[Data items]
────

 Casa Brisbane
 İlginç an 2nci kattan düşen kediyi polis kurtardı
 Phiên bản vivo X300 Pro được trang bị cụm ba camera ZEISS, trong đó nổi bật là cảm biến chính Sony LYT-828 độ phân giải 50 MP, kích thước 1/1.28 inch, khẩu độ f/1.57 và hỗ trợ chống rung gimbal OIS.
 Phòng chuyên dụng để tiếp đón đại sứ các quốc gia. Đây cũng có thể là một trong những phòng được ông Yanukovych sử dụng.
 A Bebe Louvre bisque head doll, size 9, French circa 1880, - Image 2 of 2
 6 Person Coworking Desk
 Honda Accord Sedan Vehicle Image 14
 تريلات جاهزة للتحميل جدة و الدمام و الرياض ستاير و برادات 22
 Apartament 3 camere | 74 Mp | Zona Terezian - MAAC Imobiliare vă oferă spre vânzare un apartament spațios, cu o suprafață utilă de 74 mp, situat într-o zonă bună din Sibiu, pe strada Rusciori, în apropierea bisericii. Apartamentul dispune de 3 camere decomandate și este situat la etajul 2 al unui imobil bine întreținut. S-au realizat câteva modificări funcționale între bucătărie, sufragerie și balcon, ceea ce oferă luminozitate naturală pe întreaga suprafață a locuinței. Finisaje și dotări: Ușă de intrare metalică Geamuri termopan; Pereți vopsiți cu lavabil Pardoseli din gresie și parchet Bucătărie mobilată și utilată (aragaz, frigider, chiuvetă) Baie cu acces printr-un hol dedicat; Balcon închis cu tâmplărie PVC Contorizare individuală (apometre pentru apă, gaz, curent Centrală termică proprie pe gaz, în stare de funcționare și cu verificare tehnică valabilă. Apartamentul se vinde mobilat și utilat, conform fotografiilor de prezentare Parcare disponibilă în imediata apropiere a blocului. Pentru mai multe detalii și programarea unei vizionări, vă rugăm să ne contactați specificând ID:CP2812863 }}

────

* EXERCISE PROMPT *
Copy out the entries above exactly as given, starting at the top and ending with the line containing "تريلات جاهزة للتحميل"; include both and nothing more.

* OUTPUT BELOW *
 Casa Brisbane
 İlginç an 2nci kattan düşen kediyi polis kurtardı
 Phiên bản vivo X300 Pro được trang bị cụm ba camera ZEISS, trong đó nổi bật là cảm biến chính Sony LYT-828 độ phân giải 50 MP, kích thước 1/1.28 inch, khẩu độ f/1.57 và hỗ trợ chống rung gimbal OIS.
 Phòng chuyên dụng để tiếp đón đại sứ các quốc gia. Đây cũng có thể là một trong những phòng được ông Yanukovych sử dụng.
 A Bebe Louvre bisque head doll, size 9, French circa 1880, - Image 2 of 2
 6 Person Coworking Desk
 Honda Accord Sedan Vehicle Image 14
 تريلات جاهزة للتحميل جدة و الدمام و الرياض ستاير و برادات 22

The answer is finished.